Consider some key facts about the province’s energy landscape, as noted in the Alberta Energy Regulator’s (AER) 2023 annual report. Oil and natural gas production continued to rise (on a volume basis) in 2023, on the heels of steady increases over the preceding half decade. However, the dollar value of Alberta’s oil and gas production fell in 2023, as the surging prices recorded in 2022 following Russia’s invasion of Ukraine retreated. Capital spending in the province’s energy sector reached $30 billion in 2023, making it the leading driver of private-sector investment. And completion of the Trans Mountain pipeline expansion project has opened new offshore export avenues for Canada’s oil industry and should boost Alberta’s energy production and exports going forward.

In a world striving to address climate change, Alberta’s hydrocarbon-heavy energy sector faces challenges. At some point, the world may start to consume less oil and, later, less natural gas (in absolute terms). But such “peak” consumption hasn’t arrived yet, nor does it appear imminent. While the demand for certain refined petroleum products is trending down in some advanced economies, particularly in Europe, we should take a broader global perspective when assessing energy demand and supply trends.

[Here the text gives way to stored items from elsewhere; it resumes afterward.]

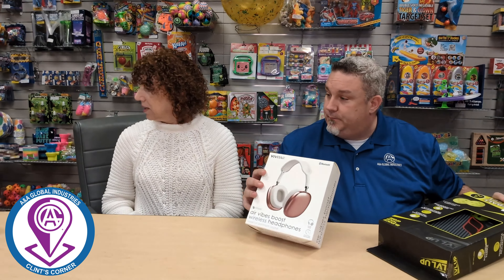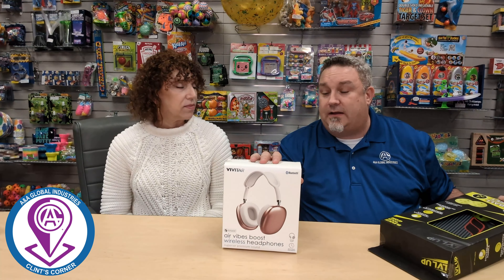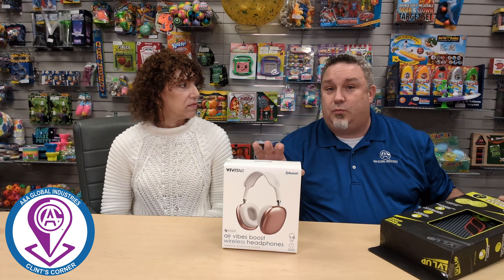We also have some electronics here. We've got the Air Vibe Boost Wireless Headphones — another cost effective electronic to have on your wall. The box and packaging looks really slick and expensive, so it looks like you have a really nice toy there at the Redemption Counter.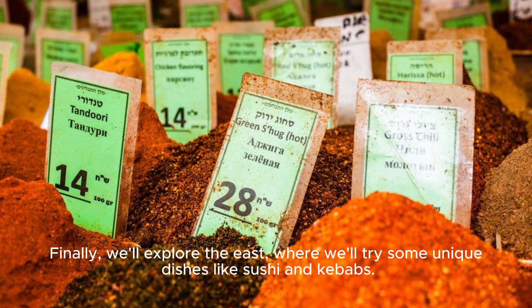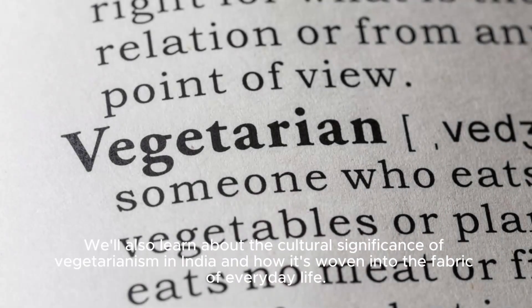Finally, we'll explore the east, where we'll try some unique dishes like sushi and kebabs. We'll also learn about the cultural significance of vegetarianism in India and how it's woven into the fabric of everyday life.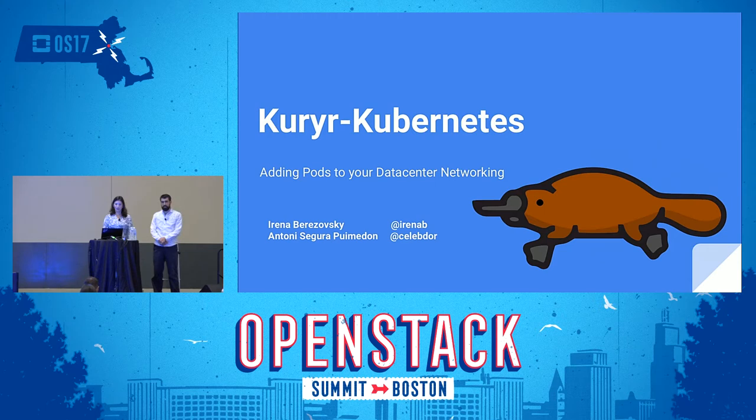Hello everyone, we are here to talk about the Kuryr Kubernetes project. My name is Irana Berizovsky and here is Tony Segura Pomidon — we are both part of the Kuryr team.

Looking at the worldwide picture, Goldman Sachs’ 2024 global energy forecast predicts that “oil usage will increase through 2034” thanks to strong demand in emerging markets and growing production of petrochemicals that depend on oil as the principal feedstock. Global demand for natural gas (including LNG) will also continue to increase, particularly since natural gas is the least carbon-intensive fossil fuel and more of it is being traded in the form of liquefied natural gas (LNG).

Against this backdrop, there are reasons to be optimistic about the prospects for Alberta’s energy sector, particularly if the federal government dials back some of the economically destructive energy and climate policies adopted by the last government. According to the AER’s “base case” forecast, overall energy output will expand over the next 10 years. Oilsands output is projected to grow modestly; natural gas production will also rise, in part due to greater demand for Alberta’s upstream gas from LNG operators in British Columbia.

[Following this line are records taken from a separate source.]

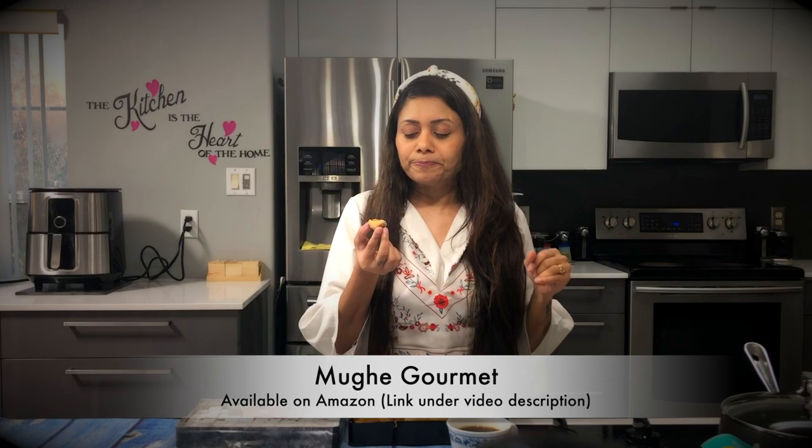Interested in tasting out this yummy delight? They are available on Amazon — perfect gift for your loved ones. Be sure to tune in for the next authentic tasting spot. Thanks for watching and see you soon.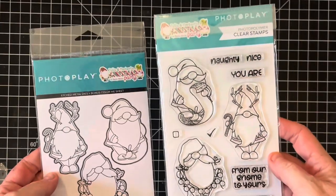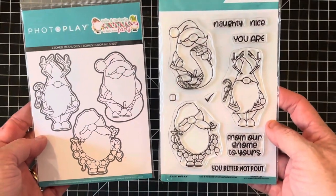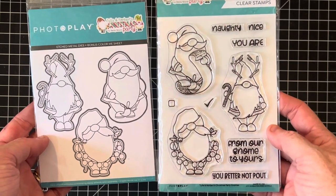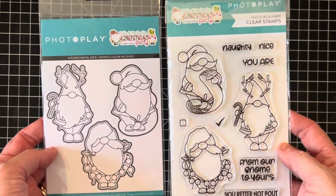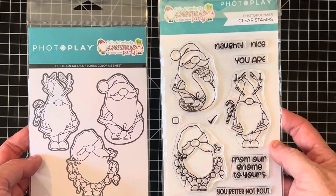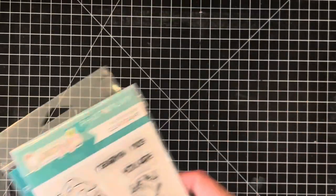I had so much to show you guys I didn't prep them all. This is by Photo Play and these are called Tula and Norbert's Christmas Party Gnomes — so if you just search Photo Play gnomes you will find these. These are photopolymer, they're four by six, and they come with the matching dies.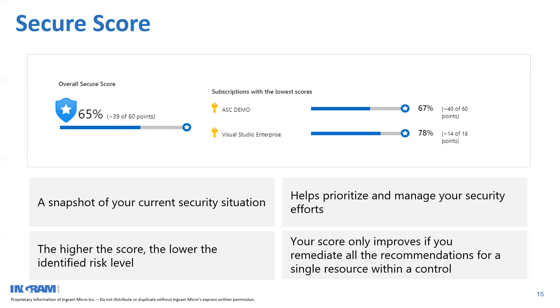Secure Score tells you which are the top issues to remediate in order to improve your score. For example, it might say that enabling multi-factor authentication will earn you 15 points, or enabling vulnerability assessment on certain virtual machines will earn you 6 points. This helps you prioritize which incidents to address first. It also gives a quick snapshot about your regulatory compliance. In the demo you'll see the overview page of Azure Defender showing Secure Score, regulatory compliance information, and the top current issues in your infrastructure with guidance on how to fix them.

The AER’s forecast also points to a positive trajectory for capital spending across the province’s energy sector. The agency sees annual investment rising from almost $30 billion to $40 billion by 2033. Most of this takes place in the oil and gas industry, but “emerging” energy resources and projects aimed at climate mitigation are expected to represent a bigger slice of energy-related capital spending going forward.

Like many other oil and gas producing jurisdictions, Alberta must navigate the bumpy journey to a lower-carbon future. But the world is set to remain dependent on fossil fuels for decades to come. This suggests the energy sector will continue to underpin not only the Alberta economy but also Canada’s export portfolio for the foreseeable future.